Michael McKenna, in The Australian,22 September 2011

CARL Rackemann put the fear into batsmen when he took the ball – now the former Test cricketer’s ambition of taking to the field of politics is gathering the same pace his once-devastating bouncers had.  A third-generation Kingaroy farmer, the 12-Test bowler is firming as the frontrunner to win the state seat of Nanango, held for 40 years by former premier Joh Bjelke-Petersen, as a candidate of Bob Katter’s Australian Party. The start-up political entity is expected to win registration within days from Queensland’s Electoral Commission, as the party ramps up its campaign to challenge the political mainstream at the next state election, due by March. Party insiders are boasting of a campaign war chest that will exceed $2 million, with more than $500,000 already donated from a disparate band of backers that includes a union, an arms dealer and fishing and ethanol lobbyists normally welded to the Nationals.Vice-president Robert Noia last night told The Australian that the party was a new force to be reckoned with, echoing the optimism of Mr Katter, his father-in-law and federal independent MP, that it could hold the balance of power, or better, in Queensland.

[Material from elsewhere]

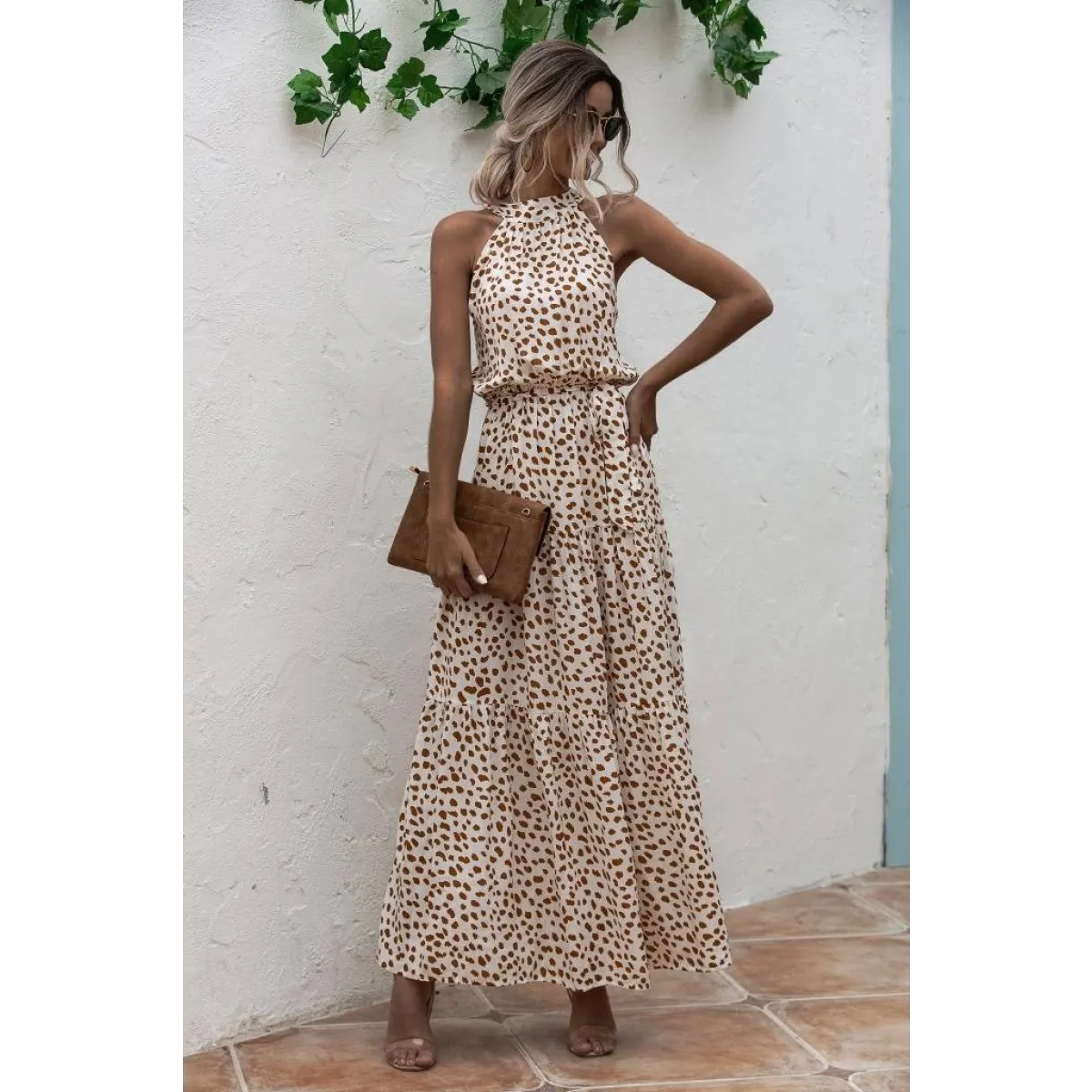 Casual Halter Dresses for Summer - All Dresses - 5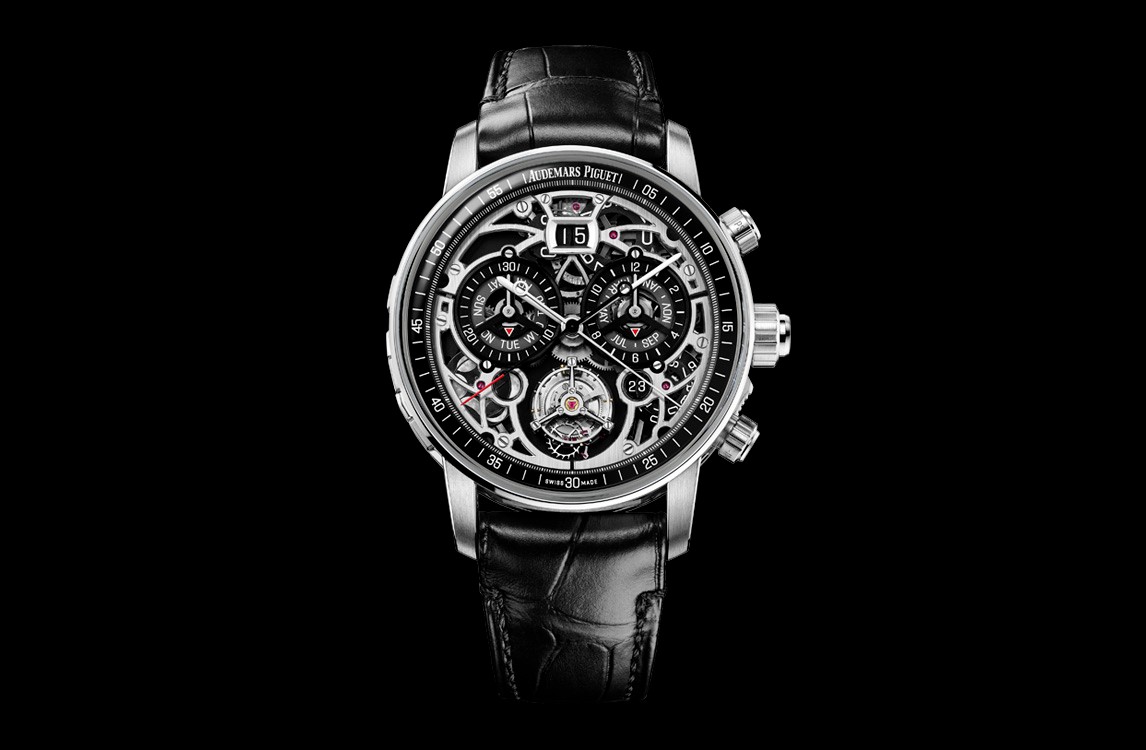 シリアルAP NO.6209 Audemars Piguet Introduces the Code 11.59 Minute Repeater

“We are expecting to hear about our registration in the next few days, and so far we are not expecting any problems,” Mr Noia said. “We have the funding, the organisation and we are getting quality candidates, like Carl, that could deliver us 30 seats. We will be standing in probably 75 of the 89 seats.”

Mr Katter’s party – dubbed by former Coalition premier Rob Borbidge as “One Nation with a hat” – is tapping into renewed discontent about the mainstream parties, akin to that which delivered 11 seats to One Nation in 1998, as well as growing anger about farmers’ rights in the face of the spread of mining.

Mr Rackemann, who joined two rebel cricket tours to South Africa in the 1980s, said it was this debate over the rights of farmers, as well as the future of Australia’s food growing capacity and mining, that convinced him to enter politics.

Nanago’s incumbent, independent Dorothy Pratt, a five-term MP first elected as a One Nation candidate, tried to recruit him as her endorsed candidate. But Mr Rackemann said it was Mr Katter’s strong views about giving farmers greater rights over their land that convinced him to join the fledgling party.

“This country was supposed to have been built on the sheep’s back, but it seems people think we don’t need the sheep any more,” he said. “The party is not against mining, but what is missing is the rights of the landholder . . . at the moment they have no rights and that is clearly wrong.”